Page MenuHomePhabricator

[SLP]Better detection of perfect/shuffles matches for gather nodes.
ClosedPublic

Authored by ABataev on May 21 2021, 7:23 AM.

Details

Summary

Implemented better scheme for perfect/shuffled matches of the gather
nodes which allows to fix the performance regressions introduced by
earlier patches. Starting detecting matches for broadcast nodes and
extractelement gathering.

Diff Detail

Event Timeline

ABataev created this revision.May 21 2021, 7:23 AM
ABataev requested review of this revision.May 21 2021, 7:23 AM
Herald added a project: Restricted Project. · View Herald TranscriptMay 21 2021, 7:23 AM
ABataev added inline comments.May 21 2021, 7:27 AM
llvm/test/Transforms/SLPVectorizer/X86/blending-shuffle-inseltpoison.ll
23–45

Regression is caused by the incorrect cost model. It returns cost 12 for mul <4 x i8> and it is compensated by the fact that we calculate the cost of gather of extractelement instructions twice (its cost is -3). After this patch we correctly calculate the cost for the gather node only once (-3 for the first gather and 0 for the second one, perfect diamond match). llvm-mca returns the cost of code is 2 or 4 (for normalized mul <16 x i8> it is 4, for the original code it is 2). Need to tweak the cost model.

Given the iterations here I think that it needs a lot of inline documentation for cost model of what you're doing and what it's expecting here.

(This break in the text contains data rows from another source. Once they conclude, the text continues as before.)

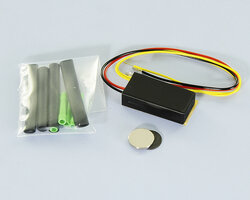 Brose en Continental E-Bike speedbox chip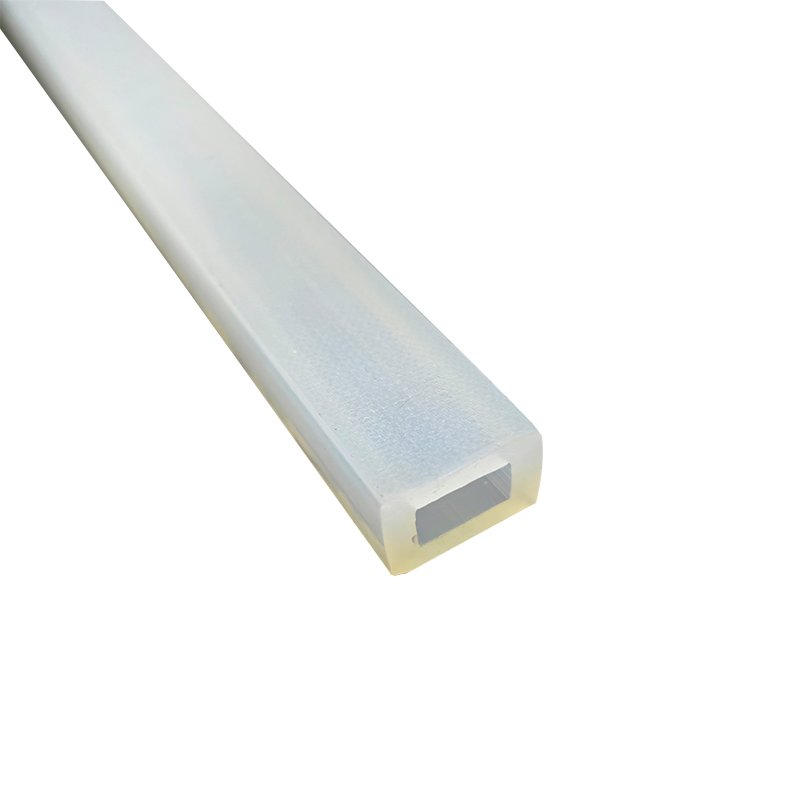 Custom extrusion rubber sealing strip for windows silicon/EPDM/PVC rubber seals strips profile products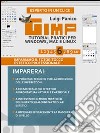GIMP. Tutorial pratici per Windows, Mac e Linux. E-book. Formato EPUB ebook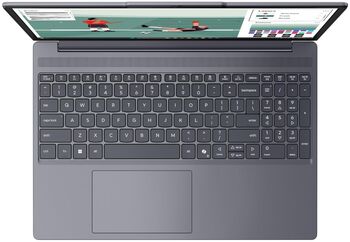 Lenovo IdeaPad Slim 3 i5/16/512GB 15" fartölva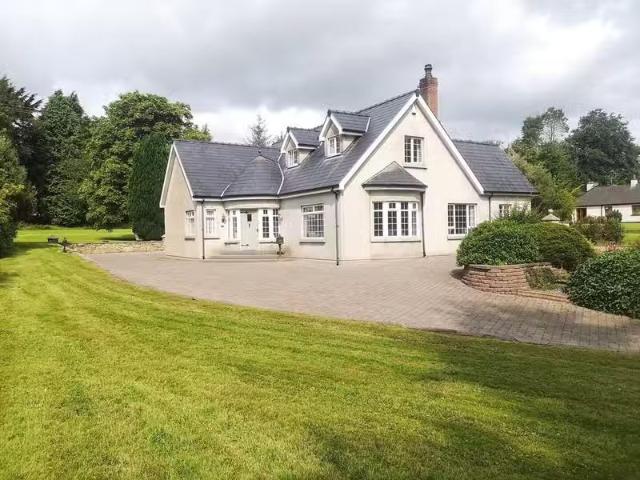 House to rent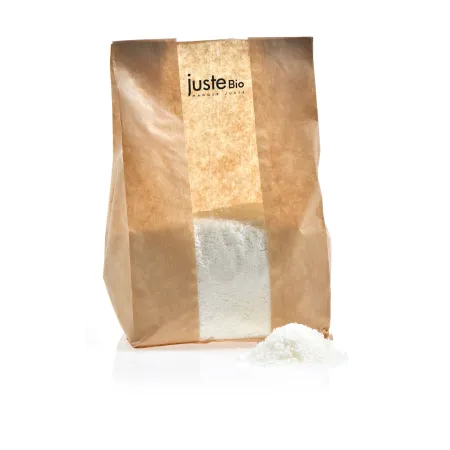 NOIX DE COCO RAPEE  BIO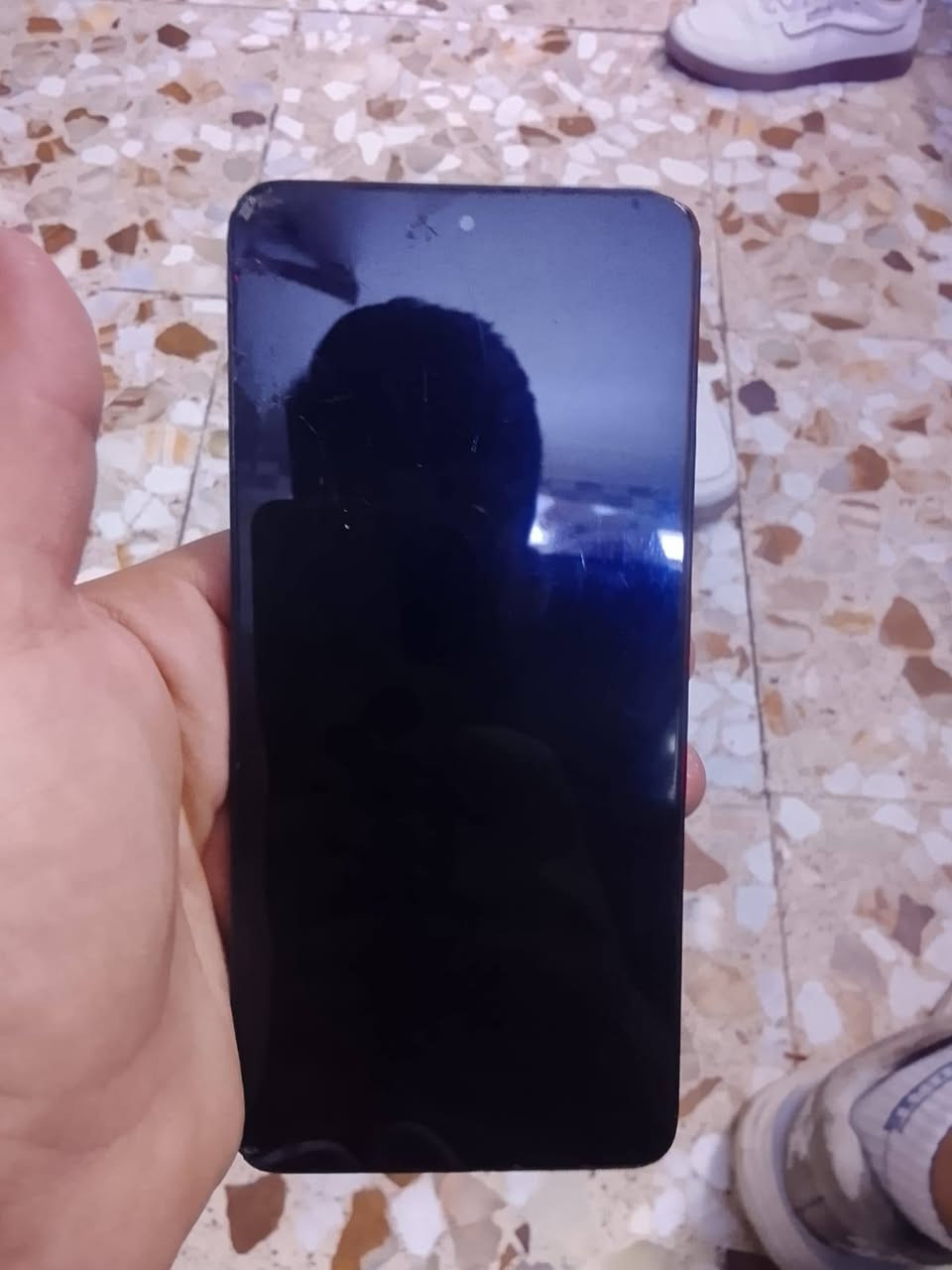 بوكو اكس 6 برو جي 5 مراوس حس القناعة


**إذا كنت صاحب هذا الإعلان وتريد حذفه لأي سبب، رجاءا أرسل رسالة إلى الدعم الفني**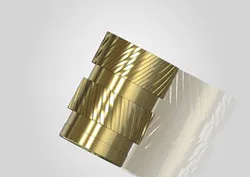 Threaded Insert (Kadrick)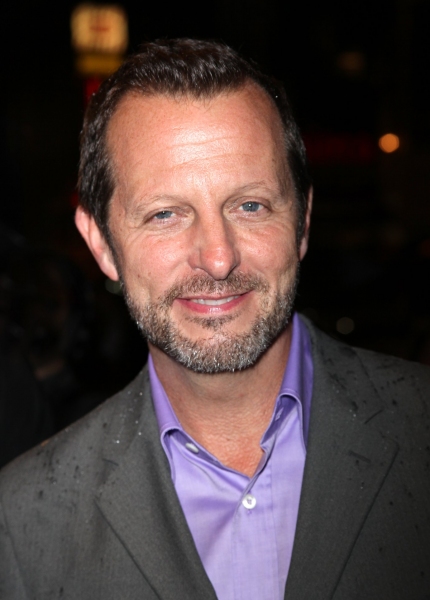 Photo Coverage: LA BETE Opening Night Arrivals Image
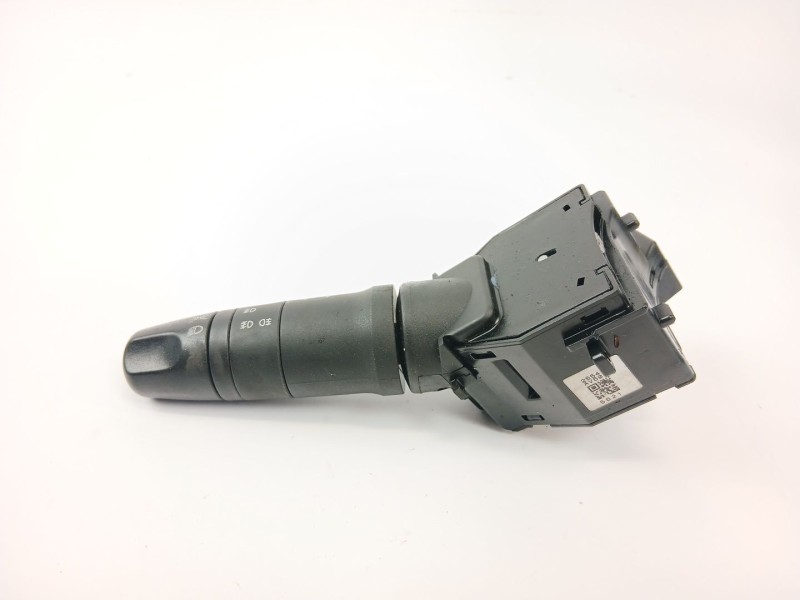 Recambio de mando intermitentes para nissan almera ii (n16) 2.2 dci referencia OEM IAM 25540AV600  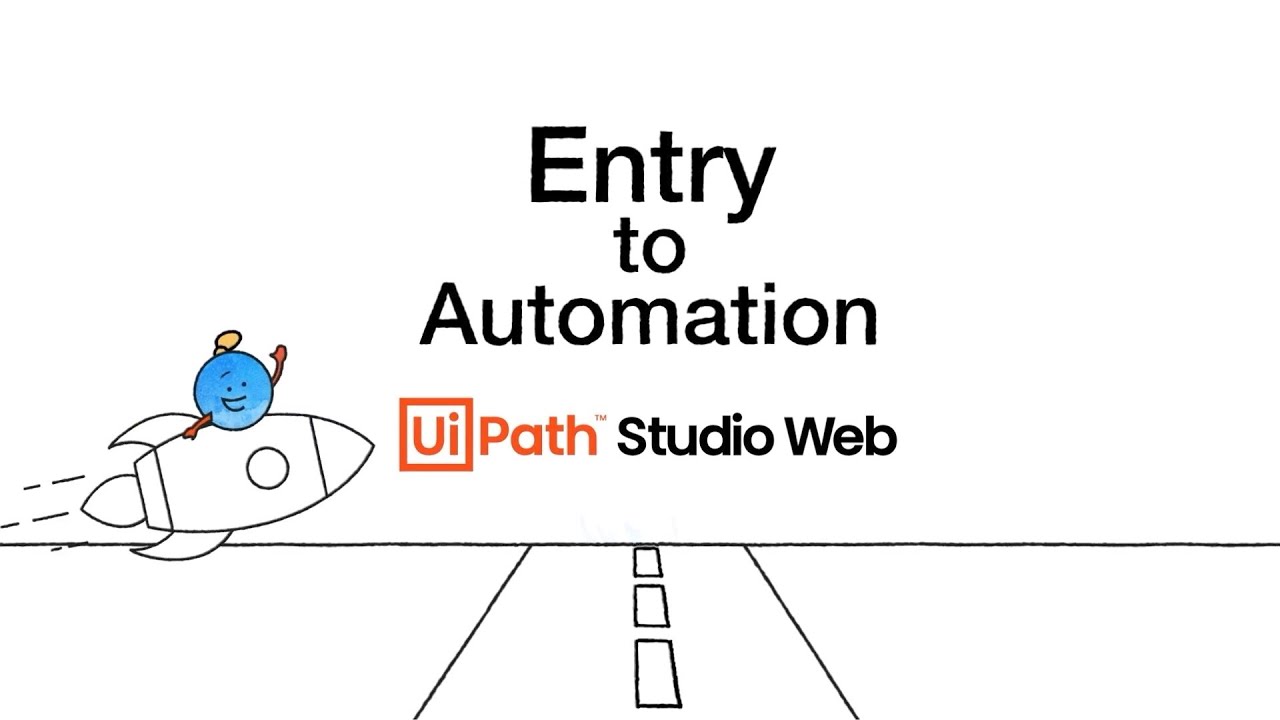 UiPath Studio Web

llvm/lib/Transforms/Vectorize/SLPVectorizer.cpp
3719

This needs to be documented as to what you're doing and what it means in the code.

3743

Same :)

4552

Please document this :)

ABataev updated this revision to Diff 347078.May 21 2021, 10:50 AM

Address comments

RKSimon added inline comments.May 21 2021, 2:24 PM
llvm/test/Transforms/SLPVectorizer/X86/blending-shuffle-inseltpoison.ll
23–45

I'll handle this regression - I'm reviewing the cost tables against llvm-mca reports at the moment.

Please can you rebase? The vXi8 MUL costs should be better now

ABataev added inline comments.May 24 2021, 5:55 AM
llvm/test/Transforms/SLPVectorizer/X86/blending-shuffle.ll
84–125

Regressions caused by the incorrect cost of mul <2 x i8>. Per mca tool the cost is 2, cost model reports 3.

RKSimon added inline comments.May 24 2021, 6:45 AM
llvm/test/Transforms/SLPVectorizer/X86/blending-shuffle.ll
84–125

Are we counting the costs of the v4i8 mul twice here?

ABataev added inline comments.May 24 2021, 6:47 AM
llvm/test/Transforms/SLPVectorizer/X86/blending-shuffle.ll
84–125

Yes, but the cost of mul of v2i8. It is extended to mul v4i8 by the instcombine.

RKSimon added inline comments.May 26 2021, 7:57 AM
llvm/test/Transforms/SLPVectorizer/X86/blending-shuffle.ll
84–125

The cost is trickier than that as the costs tables aren't usually cpu specific- the worst case for v2i8 multiply is at least 4, so that's what the cost table reports - incidently, this test is for bdver2 (cost = 3.5),

But tbh, I wouldn't worry too much about this scalarization.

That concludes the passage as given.